Margi came in a short time later.  We hung out and waited for the team.  Really, we were waiting for Carrie.  I saw her husband, Chief and asked him the status.  He gave me their last location and said everyone was doing OK.  I knew Carrie could have completed that ride alongside me.  How was she doing it?  Chief explained that she was determined to support her team.  I said, “Maybe she got that out of her system.”   I saw Jen in the lodge.  I wouldn’t have recognized her, but she spoke to me and said she eventually had to ride her own ride and left the team behind.  I assured her that taking care of herself on a day like today was the right thing to do.  More women should be more selfish.  At the finish I saw husbands of team members faithfully waiting and cheering other finishers.  Supportive husbands are a common, though not ubiquitous, thread in this story.  

Other team members began to arrive in groups of two and three.  Reports of Carrie and Stacey.  They would be in soon.  Arrive they did in a little under 6 hours. I was impressed with the team and was once again overwhelmed by Carrie’s determination, belief in others, and selflessness.  Regrettably, I was surprised that every team member started and every team member finished.  Not so much because I didn’t have faith in their fitness and determination, but because who wouldn’t simply stop doing what seemed foolish?  

It began to dawn on me later that 100% of the team finished in a year when the finish rate was less than 60%.  Eleven team members started and eleven team members finished.  Was there any other team with those numbers and that success rate? 

Then I saw the pictures that Amy took.  Are members of the team wearing hiking boots?   Add shoes and flat pedals to the list of inefficient equipment.  Becky would later tell me that her rear shock wouldn’t lock out.  

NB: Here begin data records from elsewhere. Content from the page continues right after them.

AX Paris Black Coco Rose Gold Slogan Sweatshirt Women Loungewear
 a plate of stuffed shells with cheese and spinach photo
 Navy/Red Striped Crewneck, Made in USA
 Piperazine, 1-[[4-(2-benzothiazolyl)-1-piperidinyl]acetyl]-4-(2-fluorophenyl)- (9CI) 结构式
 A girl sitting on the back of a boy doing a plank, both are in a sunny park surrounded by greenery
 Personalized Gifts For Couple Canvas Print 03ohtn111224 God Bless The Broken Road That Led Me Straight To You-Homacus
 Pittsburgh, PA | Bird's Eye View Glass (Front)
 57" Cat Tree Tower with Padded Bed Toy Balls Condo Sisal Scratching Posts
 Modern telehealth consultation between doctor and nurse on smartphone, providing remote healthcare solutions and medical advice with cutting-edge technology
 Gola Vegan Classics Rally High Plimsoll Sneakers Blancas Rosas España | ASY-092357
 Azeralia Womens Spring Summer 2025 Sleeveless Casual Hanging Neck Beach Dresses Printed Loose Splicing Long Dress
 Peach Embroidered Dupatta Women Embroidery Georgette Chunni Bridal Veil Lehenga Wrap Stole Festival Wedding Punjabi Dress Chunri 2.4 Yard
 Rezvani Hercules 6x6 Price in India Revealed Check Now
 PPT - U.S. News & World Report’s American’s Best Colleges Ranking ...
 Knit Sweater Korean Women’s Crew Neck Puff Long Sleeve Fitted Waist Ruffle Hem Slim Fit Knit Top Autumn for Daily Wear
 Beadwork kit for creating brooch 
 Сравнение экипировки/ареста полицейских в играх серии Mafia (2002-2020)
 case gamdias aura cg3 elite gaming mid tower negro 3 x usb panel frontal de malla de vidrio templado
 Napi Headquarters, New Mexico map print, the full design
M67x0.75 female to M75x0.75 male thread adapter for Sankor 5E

I consider myself unworthy of the team. My only real connection to them is that Carrie convinced me to ride, and I got to read the group text stream that spanned weeks and was practical, ridiculous, supportive, inappropriate, revealing, and encouraging. Writing this article is my tribute to them. I wish I could tell each of their stories. I just want lots of people to know what this team of women did, what is possible, 100%success achieved by one remarkable leader.

Carrie (self imposed lanterne rouge of the team) and Stacey (challenging her human spirit) finishing with one generous rider sharing his bottle of Jack Daniels.

Carrie (self imposed lanterne rouge of the team) and Stacey (challenging her human spirit) finishing with one generous rider sharing his bottle of Jack Daniels.